Leroy Valériane, Sakarovitch Charlotte, Cortina-Borja Mario, McIntyre James, Coovadia Hoosen, Dabis Francois, Newell Marie-Louise, Saba J, Gray G, Ndugwa Ch, Kilewo Ch, Massawe A, Kituuka P, Okong P, Grulich A, von Briesen H, Goudsmit J, Biberfeld G, Haverkamp G, Weverling G J, Lange J M A
INSERM U. 593, Institut d'Epidémiologie, Santé Publique et Développement (ISPED), Université Victor Segalen Bordeaux 2, Bordeaux, France.
AIDS. 2005 Nov 4;19(16):1865-75. doi: 10.1097/01.aids.0000188423.02786.55.

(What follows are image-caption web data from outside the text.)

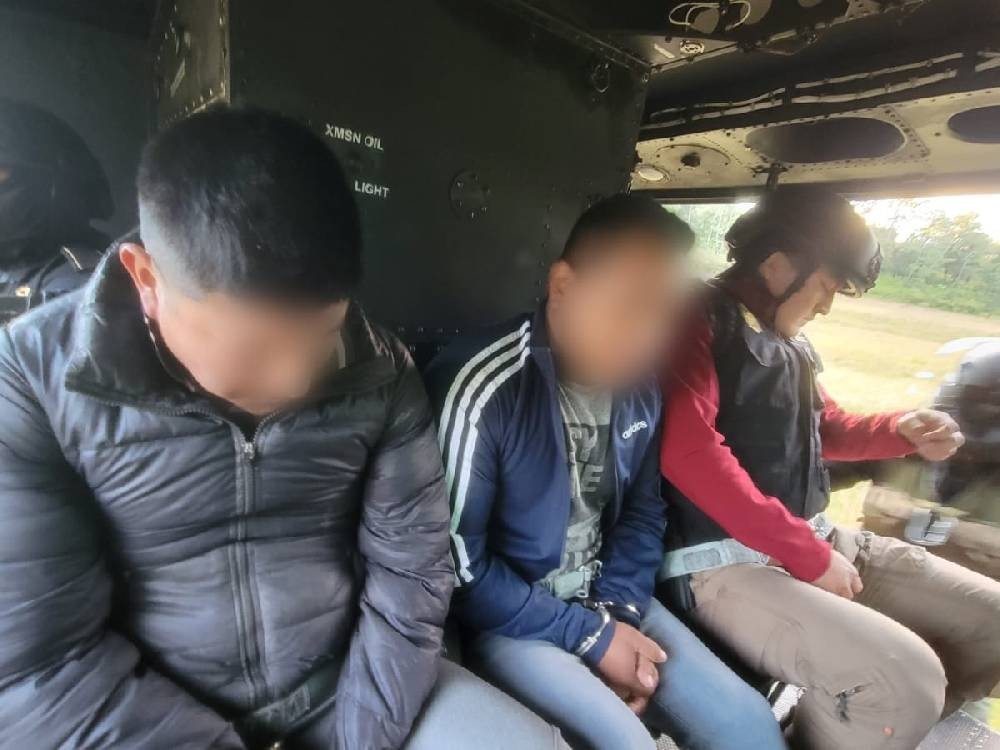 Desarticulan la estructura de tráfico de migrantes “Los Quinos”
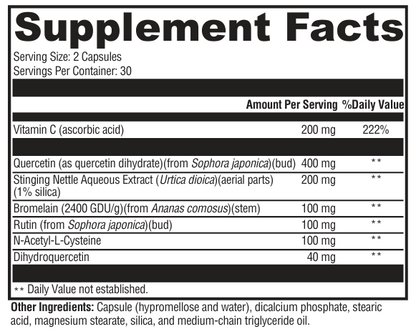 Sinus Support Complex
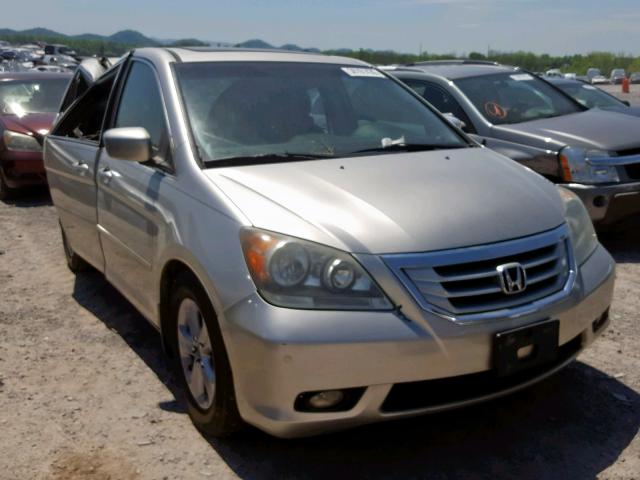 5FNRL38948B090317 - 2008 HONDA ODYSSEY TO SILVER photo 1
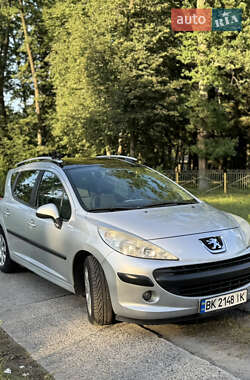 Универсал Peugeot 207 2007 в Шепетовке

Peripartum antiretroviral regimens have been shown to prevent mother-to-child transmission of HIV (MTCT) in randomized clinical trials; however, direct comparison of published results is impossible given methodological and population differences.
To directly compare the efficacy of different antiretroviral regimens in reducing the risk of 6-week MTCT rate in African breastfeeding populations.
Pooled analysis including all mother-infant pairs from any relevant trial: West African ZDV-placebo trials, Petra ZDV+3TC [two regimens A (pre/intra/post-partum) and B (intra/post-partum), placebo from Uganda and Tanzania], SAINT (NVP and Petra arm B), HIVNET012 (NVP, ultra short ZDV pp) and the Vitamin A trial (as placebo arm in South Africa). Peripartum HIV infection was any positive RNA or DNA polymerase chain reaction test < day 60. The MTCT risk was estimated at 6 weeks for each treatment arm and compared with placebo or single-dose NVP using logistic regression adjusting for maternal CD4 cell count, breastfeeding and birthweight.
Overall, 4125 singleton live-births were included; 3629 (88%) were assessed for HIV status at 6 weeks of age. In comparison with placebo, zidovudine + lamivudine (ZDV+3TC) arm A [adjusted odds ratio (AOR), 0.23; P < 0.0001], ZDV+3TC arm B (AOR, 0.49; P < 0.001), antenatal ZDV short (AOR, 0.55; P = 0.006) and nevirapine (NVP) (AOR, 0.60; P = 0.0007) significantly reduced MTCT. In comparison with NVP, only the longest regimen of ZDV+3TC (AOR, 0.39, P < 0.0005) was significantly more effective.
These results are in line with current World Health Organisation guidelines suggesting equivalence of choice between single-dose NVP and short-course ZDV, and confirm the greater efficacy of ZDV+3TC than with any single antiretroviral drug.
围产期抗逆转录病毒治疗方案已在随机临床试验中被证明可预防母婴传播艾滋病毒(MTCT);然而,鉴于方法学和人群差异,无法直接比较已发表的结果。
直接比较不同抗逆转录病毒治疗方案在降低非洲母乳喂养人群6周龄MTCT率风险方面的疗效。
汇总分析纳入了任何相关试验中的所有母婴对:西非齐多夫定-安慰剂试验、佩特拉试验(齐多夫定+拉米夫定,两种方案A(产前/产时/产后)和B(产时/产后),乌干达和坦桑尼亚的安慰剂)、圣徒试验(奈韦拉平与佩特拉试验方案B)、HIVNET012试验(奈韦拉平、超短疗程齐多夫定产后用药)以及维生素A试验(作为南非的安慰剂组)。围产期艾滋病毒感染定义为任何在第60天之前的阳性RNA或DNA聚合酶链反应检测结果。对每个治疗组在6周龄时的MTCT风险进行估计,并使用逻辑回归分析,对母亲的CD4细胞计数、母乳喂养情况和出生体重进行校正,与安慰剂或单剂量奈韦拉平进行比较。
总体而言,纳入了4125例单胎活产;其中3629例(88%)在6周龄时接受了艾滋病毒状况评估。与安慰剂相比,齐多夫定+拉米夫定(ZDV+3TC)方案A(校正比值比(AOR),0.23;P<0.0001)、ZDV+3TC方案B(AOR,0.49;P<0.001)、产前短疗程齐多夫定(AOR,0.55;P=0.006)和奈韦拉平(NVP)(AOR,0.60;P=0.0007)显著降低了MTCT。与奈韦拉平相比,只有最长疗程的ZDV+3TC(AOR,0.39,P<0.0005)显著更有效。
这些结果与世界卫生组织目前的指南一致,该指南表明单剂量奈韦拉平和短疗程齐多夫定在选择上等效,并证实ZDV+3TC比任何单一抗逆转录病毒药物更有效。